Re: [PATCH v22 3/4] qcow2: add zstd cluster compression

Max Reitz Mon, 04 May 2020 00:54:23 -0700

On 30.04.20 15:56, Denis Plotnikov wrote:
> 
> 
> On 30.04.2020 14:47, Max Reitz wrote:
>> On 30.04.20 11:48, Denis Plotnikov wrote:
>>>
>>> On 30.04.2020 11:26, Max Reitz wrote:
>>>> On 29.04.20 15:02, Vladimir Sementsov-Ogievskiy wrote:
>>>>> 29.04.2020 15:17, Max Reitz wrote:
>>>>>> On 29.04.20 12:37, Vladimir Sementsov-Ogievskiy wrote:
>>>>>>> 29.04.2020 13:24, Max Reitz wrote:
>>>>>>>> On 28.04.20 22:00, Denis Plotnikov wrote:
>>>>>>>>> zstd significantly reduces cluster compression time.
>>>>>>>>> It provides better compression performance maintaining
>>>>>>>>> the same level of the compression ratio in comparison with
>>>>>>>>> zlib, which, at the moment, is the only compression
>>>>>>>>> method available.
>>>>>>>>>
>>>>>>>>> The performance test results:
>>>>>>>>> Test compresses and decompresses qemu qcow2 image with just
>>>>>>>>> installed rhel-7.6 guest.
>>>>>>>>> Image cluster size: 64K. Image on disk size: 2.2G
>>>>>>>>>
>>>>>>>>> The test was conducted with brd disk to reduce the influence
>>>>>>>>> of disk subsystem to the test results.

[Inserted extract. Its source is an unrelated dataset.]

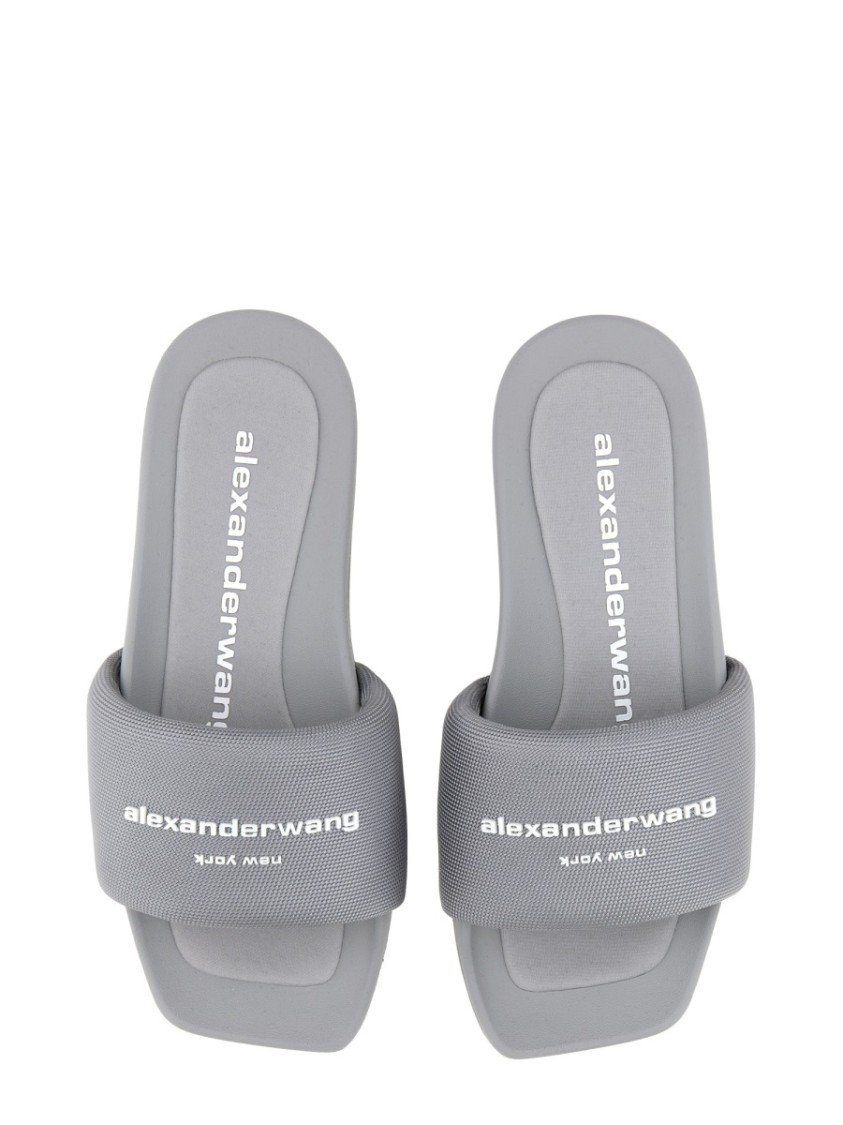 Shop Alexander Wang Nylon "aw" Sandal In Grey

>>>>>>>>> The results is given in seconds.
>>>>>>>>>
>>>>>>>>> compress cmd:
>>>>>>>>>       time ./qemu-img convert -O qcow2 -c -o
>>>>>>>>> compression_type=[zlib|zstd]
>>>>>>>>>                       src.img [zlib|zstd]_compressed.img
>>>>>>>>> decompress cmd
>>>>>>>>>       time ./qemu-img convert -O qcow2
>>>>>>>>>                       [zlib|zstd]_compressed.img uncompressed.img
>>>>>>>>>
>>>>>>>>>                compression               decompression
>>>>>>>>>              zlib       zstd           zlib         zstd
>>>>>>>>> ------------------------------------------------------------
>>>>>>>>> real     65.5       16.3 (-75 %)    1.9          1.6 (-16 %)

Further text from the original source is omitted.